In January 2012, Ranbaxy settled an FDA lawsuit by agreeing to stop production of drugs for the U.S. market at the two plants until they met American standards. In 2007, the whistle-blower’s lawsuit, unsealed May 13, alleged the company defrauded public health-care programs.
The felony criminal charges included provision for the payment of a fine and forfeiture of funds. The false claims portion of the settlement directs the company to pay the U.S. and states, as well as the whistle-blower in the civil case, Dinesh Thakur, of Belle Mead, New Jersey, a former Ranbaxy executive.
“While we are disappointed by the conduct of the past that led to this investigation, we strongly believe that settling this matter now is in the best interest of all of Ranbaxy’s stakeholders,” Arun Sawhney, chief executive officer and managing director of Gurgaon, India-based Ranbaxy, said in a statement. “The conclusion of the DOJ investigation does not materially impact our current financial situation or performance.”
The company said in the settlement agreement to the lawsuit that it denies wrongdoing in the civil case.

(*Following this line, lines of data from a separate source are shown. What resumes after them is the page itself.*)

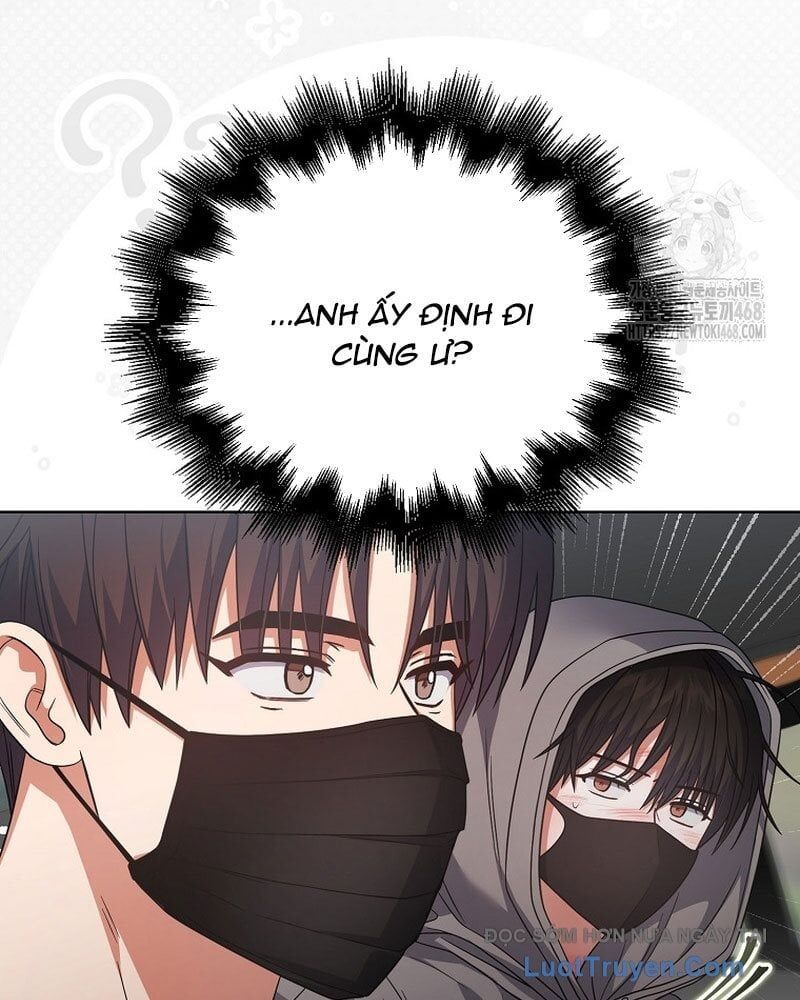 Ra Mắt Hay Ra Đi - Chapter 93 - Page 48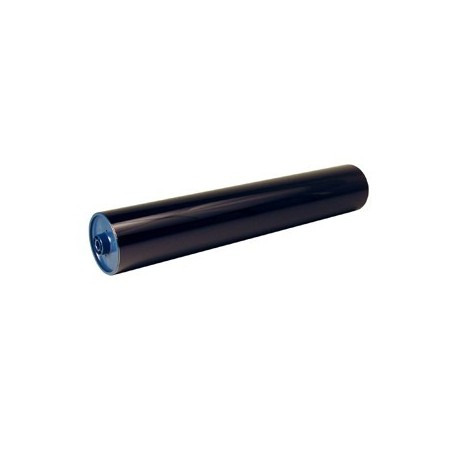 Tambour générique Kyocera pour DC1560/1860/2050..., Toner Express : achat en ligne de Tambour générique Kyocera pour DC1560/1860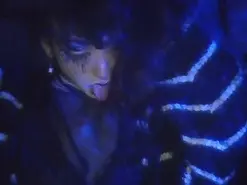 Amateur Adult Webcam of RobinRaven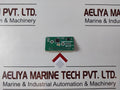 Leyard 190-110Scn-70 Pcb Card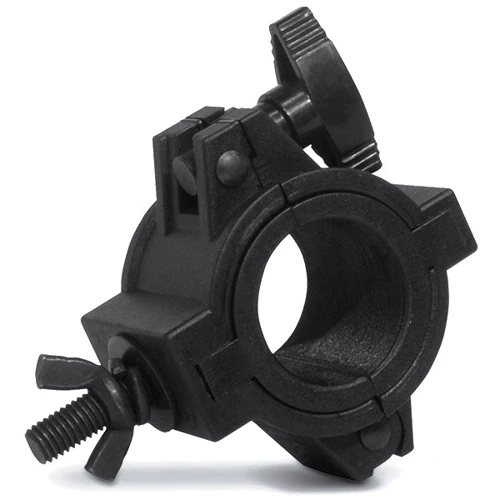 Кріплення CHAUVET CLP10: Виробник CHAUVET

The criminal case is U.S. v. Ranbaxy U.S.A., 13-cr-00238, U.S. District Court, Maryland (Baltimore). The civil case is Thakur v. Ranbaxy U.S.A. Inc., 07-cv-00962, U.S. District Court, Maryland (Baltimore).
Credit-Ratings Industry Is Oligarchy to Be Broken, Franken Says
Senator Al Franken, a Democrat from Minnesota, said financial regulators must intervene in the credit ratings industry or risk another U.S. financial “catastrophe.”
“My plea today is that you take action,” Franken said at Securities and Exchange Commission credit ratings roundtable in Washington yesterday.
Senator Roger Wicker, a Republican from Mississippi, urged the SEC to take the “next steps” to revamp industry.
Franken said his joint bill with Wicker would require the agency to name an independent board that would appoint different credit rating agencies to assign ratings based on an agency’s expertise and eventually its track record. Such a set-up would restore trust in the market and allow smaller agencies to break up the current “oligarchy,” Franken said.
SEC Commissioner Luis Aguilar, who also spoke at the roundtable, said “the past can’t be repeated.”
In November, the SEC said credit-ratings companies failed to follow their own standards, were late in downgrading deals, and delayed disclosure of methodology changes.
Dodd-Frank requires regulators to stop relying on ratings and increase oversight of companies that issue them.